__Activity__: Reproduce, word for word, the lines in the material below starting with the one that has "8 Pack Wooden" and going on through the one that has "Mieszkanie 4663m2 2 pokoje Warszawa Długa". Leave out all pictures.

__Material provided__:
*** Block opens ***
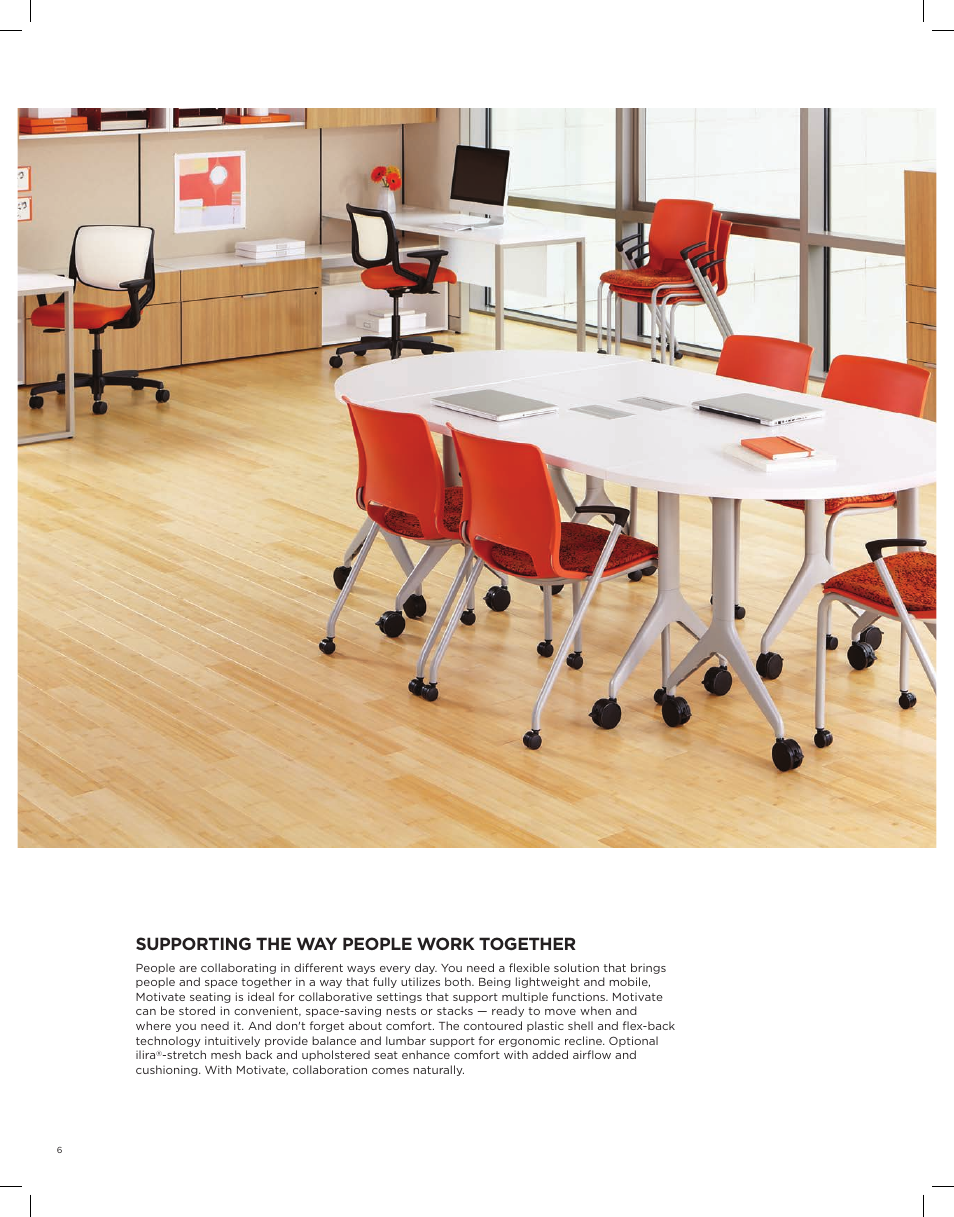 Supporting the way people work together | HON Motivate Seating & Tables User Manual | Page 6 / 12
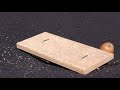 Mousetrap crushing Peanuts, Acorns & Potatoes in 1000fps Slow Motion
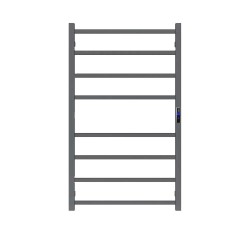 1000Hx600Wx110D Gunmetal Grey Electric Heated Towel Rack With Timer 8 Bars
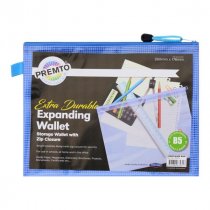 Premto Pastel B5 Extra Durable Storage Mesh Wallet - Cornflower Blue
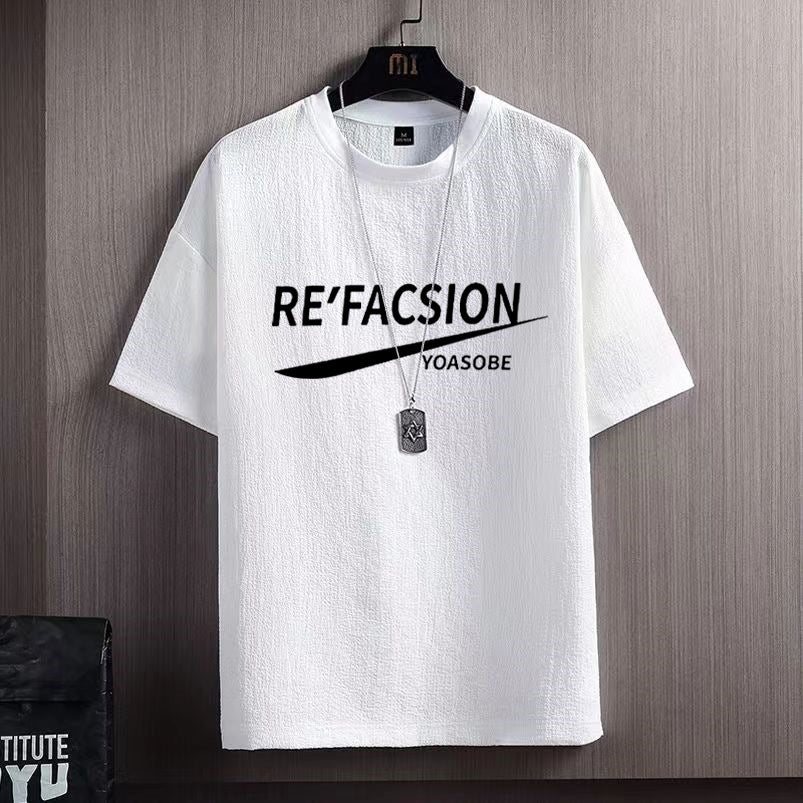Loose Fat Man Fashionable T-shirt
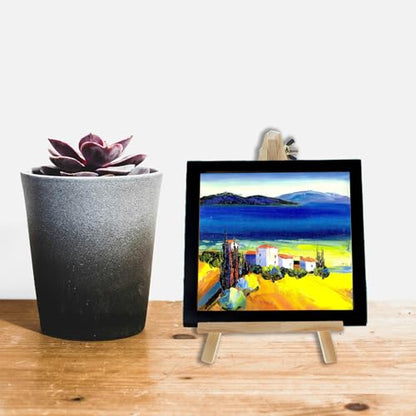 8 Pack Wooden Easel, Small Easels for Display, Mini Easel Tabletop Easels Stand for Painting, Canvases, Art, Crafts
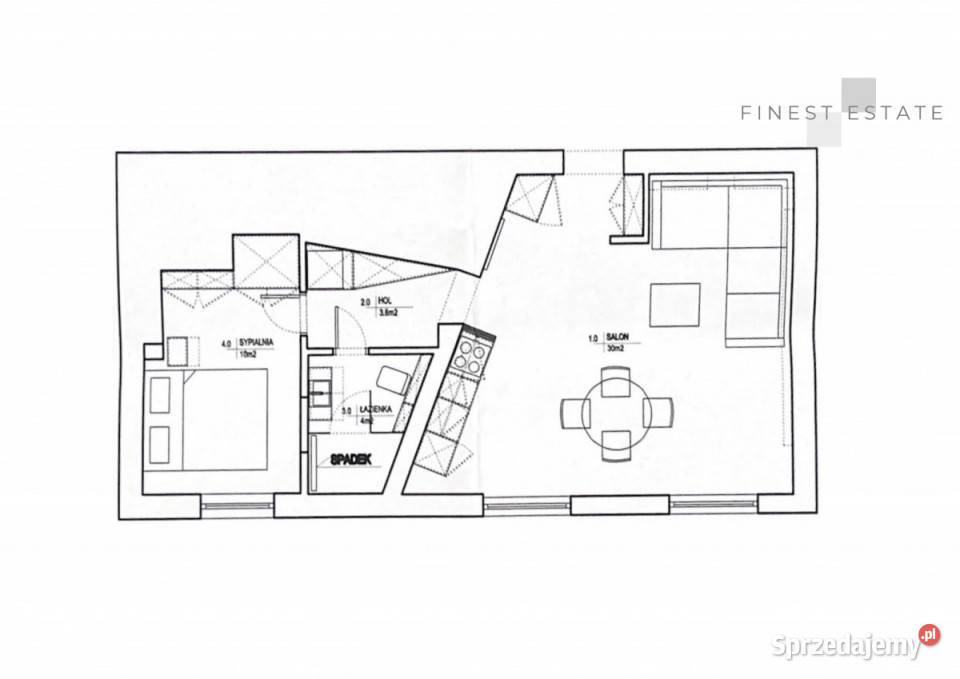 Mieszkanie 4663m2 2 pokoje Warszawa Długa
*** Block closes ***
*** Block opens ***
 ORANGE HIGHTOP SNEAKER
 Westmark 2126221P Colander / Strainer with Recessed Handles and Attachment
*** Block closes ***
__Task result__:
 8 Pack Wooden Easel, Small Easels for Display, Mini Easel Tabletop Easels Stand for Painting, Canvases, Art, Crafts
 Mieszkanie 4663m2 2 pokoje Warszawa Długa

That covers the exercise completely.